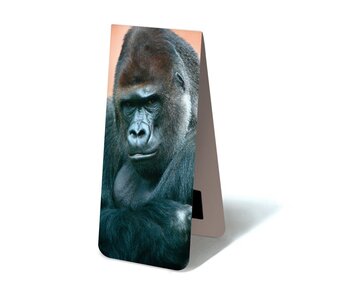 Magnetic Bookmark, Gorilla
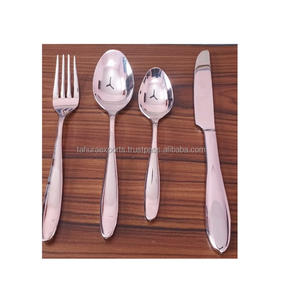 Juego de Cubiertos de acero inoxidable y metal con el mejor diseño, cubiertos en tamaños personalizados hechos a mano para varias ocasiones para exportación - Product Image 3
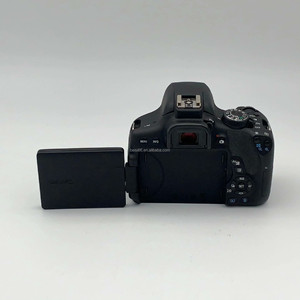 สำหรับ <span class=keywords><strong>EOS</strong></span> <span class=keywords><strong>750D</strong></span>/กบฏ T6i 24.2MP APS-C กล้อง CMOS DSLR พร้อมการ์ด SD แบบ Full HD 440ภาพต่อการชาร์จหนึ่งครั้ง - Product Image 3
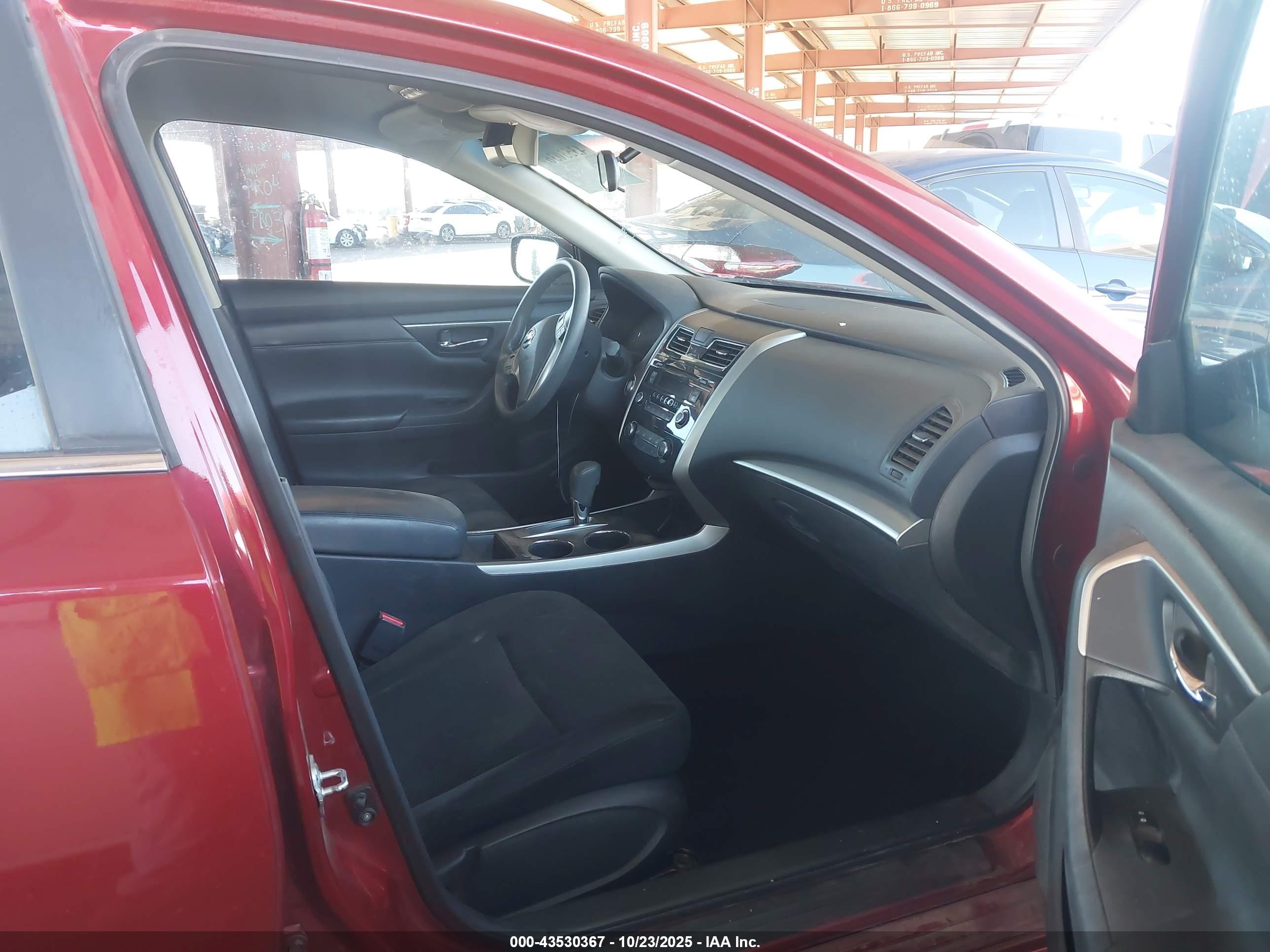 NISSAN ALTIMA image 5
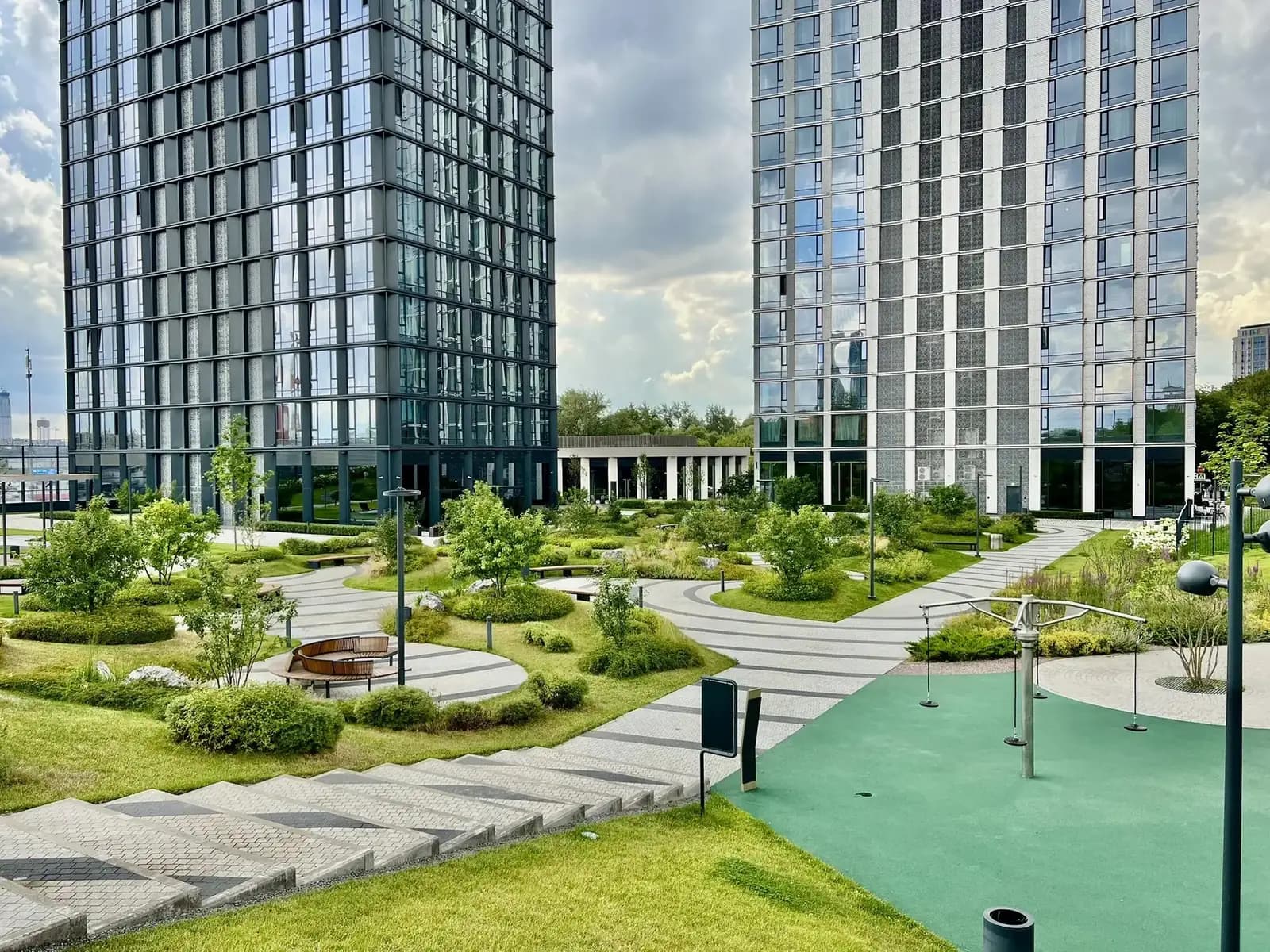 3-комнатная квартира 76,2 м² в ЖК «Hide» — фото 20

◆ ◆ ◆ ◆ ◆ ◆ ◆

* _The task_
In copying the listing, reproduce each line exactly and omit the pictures.

* _Task answer_
 Magnetic Bookmark, Gorilla
 Juego de Cubiertos de acero inoxidable y metal con el mejor diseño, cubiertos en tamaños personalizados hechos a mano para varias ocasiones para exportación - Product Image 3
 สำหรับ <span class=keywords><strong>EOS</strong></span> <span class=keywords><strong>750D</strong></span>/กบฏ T6i 24.2MP APS-C กล้อง CMOS DSLR พร้อมการ์ด SD แบบ Full HD 440ภาพต่อการชาร์จหนึ่งครั้ง - Product Image 3
 NISSAN ALTIMA image 5
 3-комнатная квартира 76,2 м² в ЖК «Hide» — фото 20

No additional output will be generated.